— Problem to work on —
From top to bottom, return the listing exactly as it appears, omitting its images.

— Data shown —
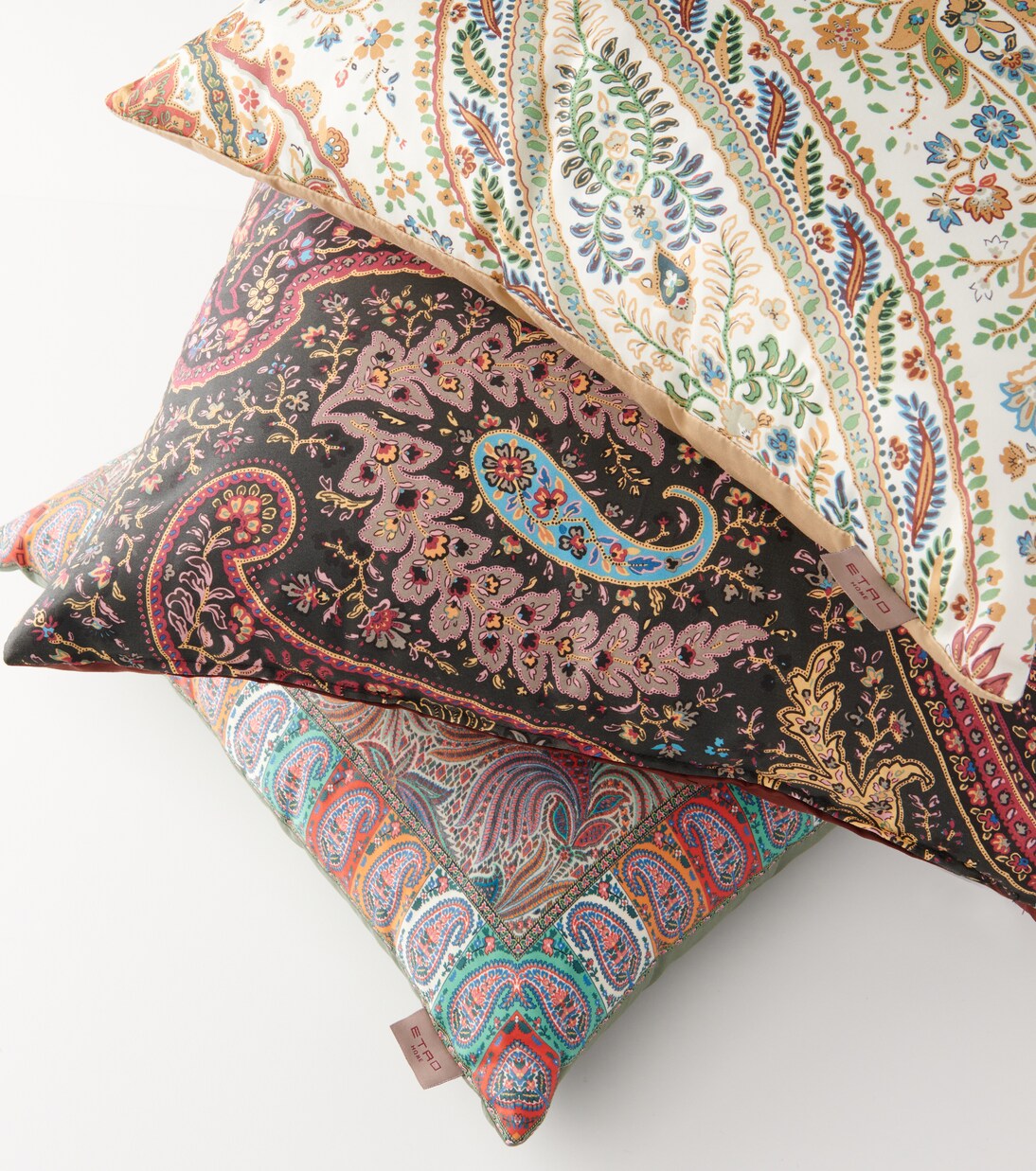 Embroidered cotton cushion | Etro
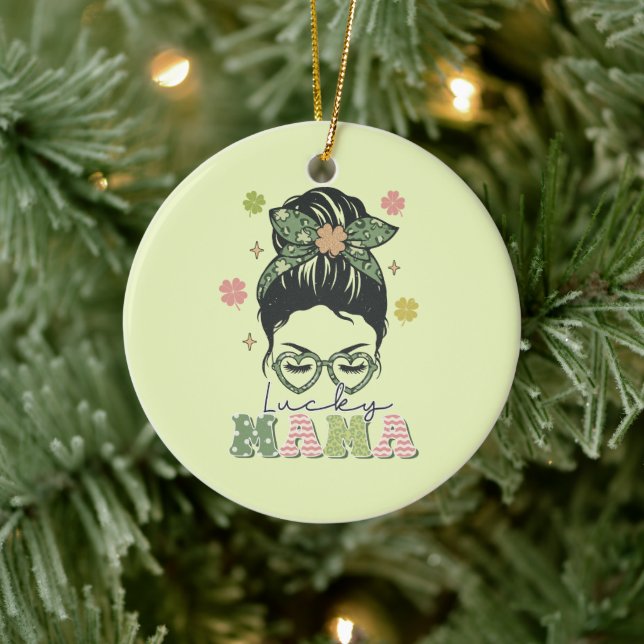 Décoration En Céramique La Lucky Mama de St. Patrick (Arbre)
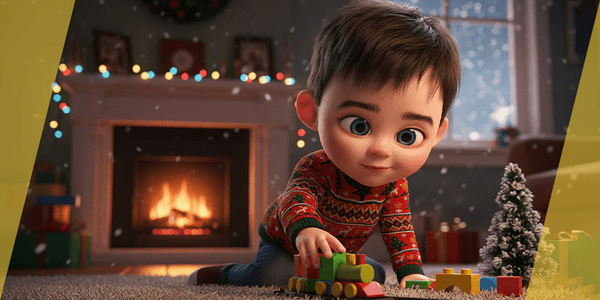 Christmas Sweater Toon Kids 3d Holiday Character — Stylized Cartoon 3D Character Model Fully Rigged for Blender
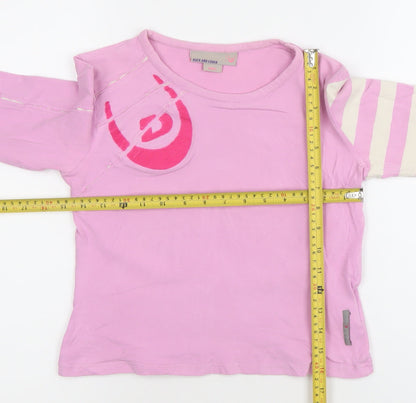 Girls UK Size S Duck and Cover Pink Basic T-Shirt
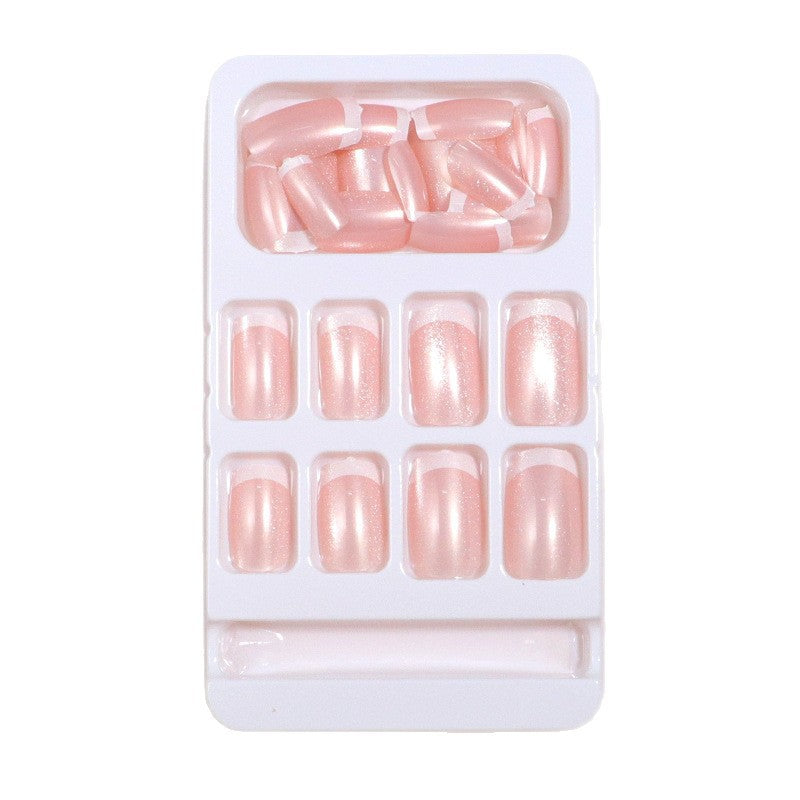 Premium Glossy French Tip Press-On Nails Kalsten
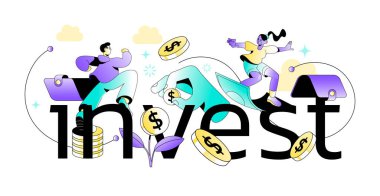 Metinli el gradyanı yatırım arkaplanı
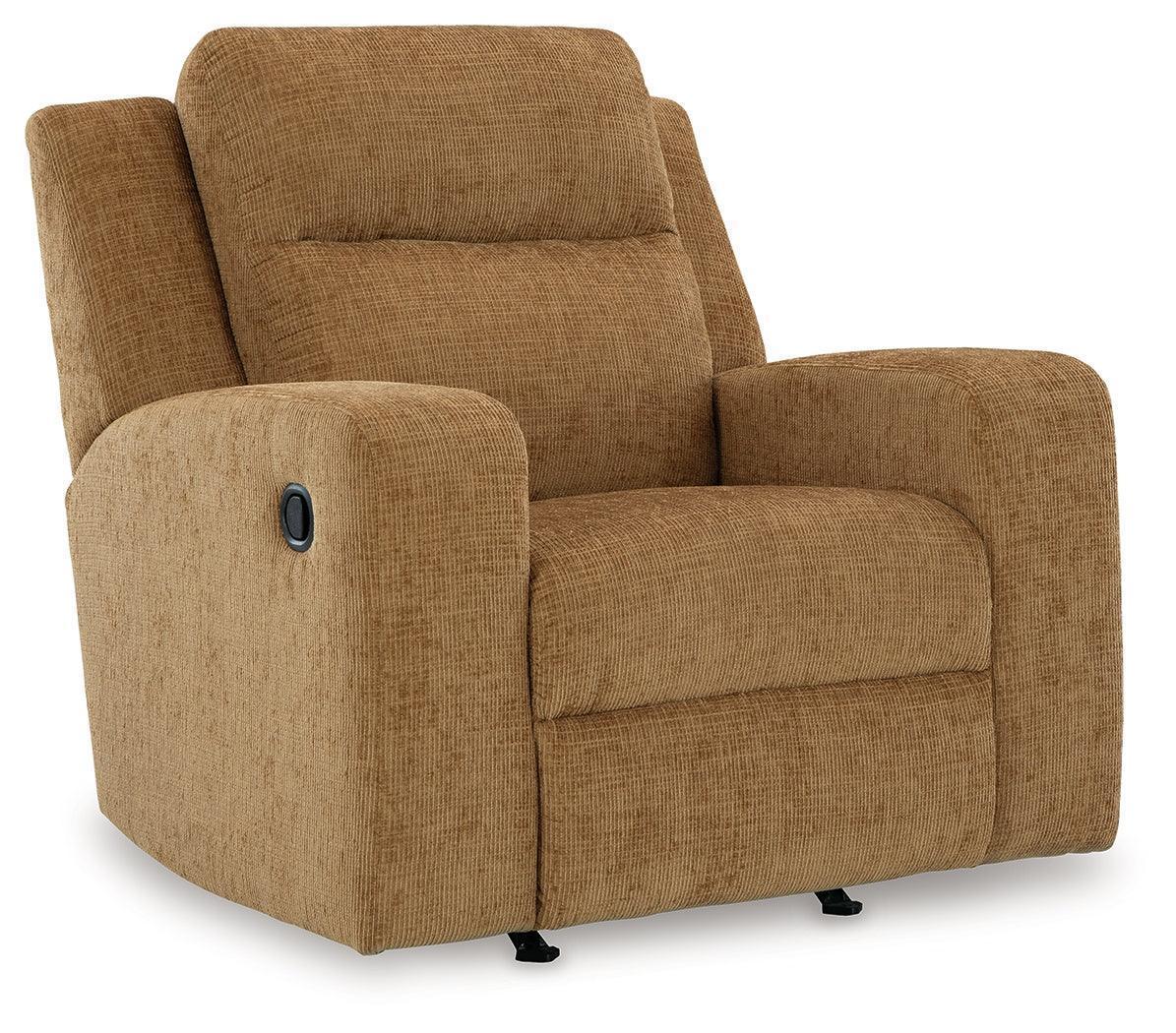 Kanlow Honey Chenille Recliner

— Exercise solution —
 Embroidered cotton cushion | Etro
 Décoration En Céramique La Lucky Mama de St. Patrick (Arbre)
 Christmas Sweater Toon Kids 3d Holiday Character — Stylized Cartoon 3D Character Model Fully Rigged for Blender
 Girls UK Size S Duck and Cover Pink Basic T-Shirt
 Premium Glossy French Tip Press-On Nails Kalsten
 Metinli el gradyanı yatırım arkaplanı
 Kanlow Honey Chenille Recliner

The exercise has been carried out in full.